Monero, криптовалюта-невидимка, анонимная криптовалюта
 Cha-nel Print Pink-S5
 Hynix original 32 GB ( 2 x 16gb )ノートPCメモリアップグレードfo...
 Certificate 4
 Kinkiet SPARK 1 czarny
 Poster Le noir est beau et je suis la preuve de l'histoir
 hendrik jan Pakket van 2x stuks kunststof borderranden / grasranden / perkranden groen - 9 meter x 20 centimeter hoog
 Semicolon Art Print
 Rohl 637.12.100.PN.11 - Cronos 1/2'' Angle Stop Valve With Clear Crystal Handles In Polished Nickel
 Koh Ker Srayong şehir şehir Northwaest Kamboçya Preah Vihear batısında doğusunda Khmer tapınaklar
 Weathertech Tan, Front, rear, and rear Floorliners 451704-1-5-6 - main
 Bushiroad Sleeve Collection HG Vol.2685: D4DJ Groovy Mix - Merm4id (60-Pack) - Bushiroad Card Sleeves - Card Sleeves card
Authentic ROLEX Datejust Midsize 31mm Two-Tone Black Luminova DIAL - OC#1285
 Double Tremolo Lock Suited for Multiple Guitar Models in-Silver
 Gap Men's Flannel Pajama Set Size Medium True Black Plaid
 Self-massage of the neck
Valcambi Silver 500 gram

┄┄┄┄┄┄┄┄┄┄┄┄┄┄┄┄┄┄┄┄

Goal of the exercise
Lines in the material above that include the string "Silver" should be listed.

Your response
 Double Tremolo Lock Suited for Multiple Guitar Models in-Silver
Valcambi Silver 500 gram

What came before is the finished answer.